> What is being asked:
Print the listing below only from the line that has "NC license plate DMB7555" through the line that has "Der Gandavum-Stich von", exactly, and drop any picture.

> Exercise data:
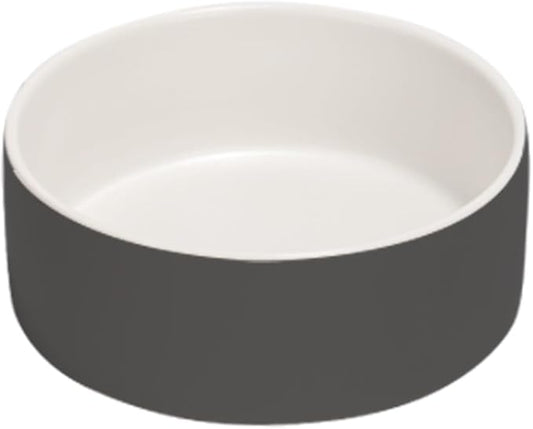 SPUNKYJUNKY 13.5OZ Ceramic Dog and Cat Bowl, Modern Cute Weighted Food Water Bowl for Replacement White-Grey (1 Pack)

...

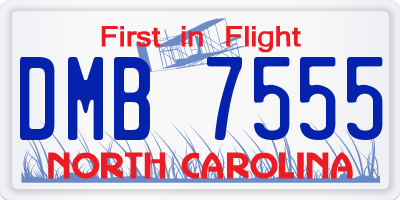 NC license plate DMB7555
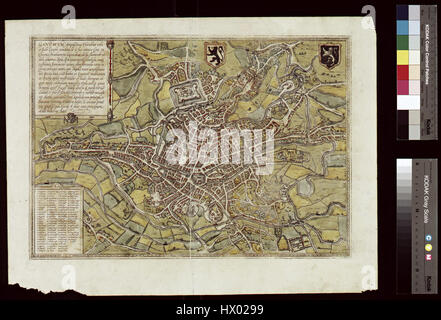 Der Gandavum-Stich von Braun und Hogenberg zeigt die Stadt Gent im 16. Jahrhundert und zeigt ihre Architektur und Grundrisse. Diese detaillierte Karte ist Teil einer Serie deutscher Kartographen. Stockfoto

--

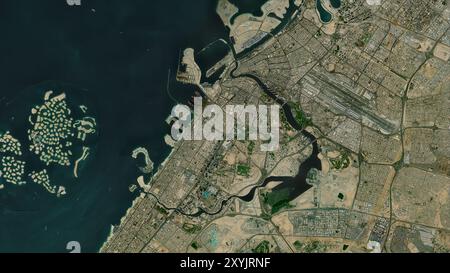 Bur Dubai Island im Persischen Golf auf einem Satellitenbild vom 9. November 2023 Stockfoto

> Solved exercise:
 NC license plate DMB7555
 Der Gandavum-Stich von Braun und Hogenberg zeigt die Stadt Gent im 16. Jahrhundert und zeigt ihre Architektur und Grundrisse. Diese detaillierte Karte ist Teil einer Serie deutscher Kartographen. Stockfoto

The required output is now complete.